The “Lounge” offers high levels of customer intimacy with its focus on providing complimentary services and enhancing customer engagement. The target customers for the Lounge format are individuals with relatively high income.

The focus of this format is not on selling but on cultivating customer relationships for cross-selling and up-selling services.

3) The “Digital Pod”

The “Digital Pod” employs advanced digital tools and technologies, such as Video-conferencing, online document sharing, digital signatures and card readers, to become physical extensions of online or mobile banking. The primary focus is on providing customers with an evolved and immersive digital experience. “Digital Pods” allow customers to perform all the transactions of a physical bank branch using sophisticated digital technology.

“Digital Pods” introduce consumers to the next generation in banking technology. With minimal branch staffing and high levels of digitization being used, the levels of online-offline coordination are typically low. Digital Pods require a significant investment in technology. The target market for this branch format primarily comprises Generation Y customers who need the flexibility to transact anytime and are open to using new technology.

4) The “Pharmacy”

The “Pharmacy” model also has high digitization levels. It is a comprehensive full-service branch that incorporates all aspects of self-serve and online banking. Some of the digital tools, which can be used in a Pharmacy, are self-serve kiosks, ATMs, service staff with iPads for quick information retrieval and terminals connected for online banking.

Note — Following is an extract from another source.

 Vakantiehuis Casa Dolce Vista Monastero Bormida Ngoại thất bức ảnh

This model achieves high levels of channel coordination since it brings not only the digital channel/ online banking into the branch, but also staffs the physical branch for complex and personalized advice. The “Pharmacy” branch should be used as a flagship branch to attract existing and new customers, typically showcasing innovative tools and extending high standards of service.

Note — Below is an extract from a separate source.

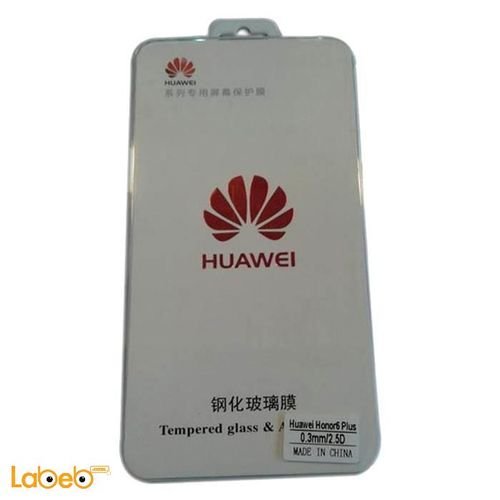 Huawei Original tempered glass protector - for honor 6 plus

The target market for “Pharmacy” branches is the mid to high net-worth traditional banking customer who desires proximity of a physical branch. The “Pharmacy” format aims to reinforce a bank’s image as innovative and pioneering. The operating costs of such a branch will be higher than a regular full-service branch due to its larger size, staffing and digital requirements. Also, such a store format typically needs to be on high streets that attract maximum footfalls.

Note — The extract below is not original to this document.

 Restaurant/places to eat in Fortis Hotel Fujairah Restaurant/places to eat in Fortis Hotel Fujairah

(SD): To what extend can a branch network rationalization program translate into distribution cost savings as well as an optimized customer experience?

(RvdE):

The launch of such a transformation / rationalization program will indeed produce substantial value for the bank’s clients as well as for the bank itself.

Based on our digital transformation and banking experience, we have developed an estimation model to determine the projected cost savings that can be derived from implementing a mix of our proposed branch models.

Our estimates indicate that a branch rationalization of 10% and subsequent branch network differentiation can result in significant savings. While the spread of branches across each model may be varied depending on the target customer segment and the geographical reach, we believe that keeping all other factors constant, decrease in distribution costs could range from 20%-30%.

As a first step, banks need to carry out a detailed customer demographics analysis to understand their target customer profile, their banking behavior and profitability per customer.

As a second step,banks should use the information in the demographics analysis to determine the optimal ratio between the different types of branches needed to achieve a differentiated branch network.

Finally, banks should rationalize the number of branches based on business parameters such as branch performance, customer profitability and strategic intent.

Cap Gemini is ideally positioned to help its clients carry out such an analysis with strategy and support them in all phases of a branch network transformation programme as we are able to associate excellence in strategic analysis combined with deep business and ICT expertise.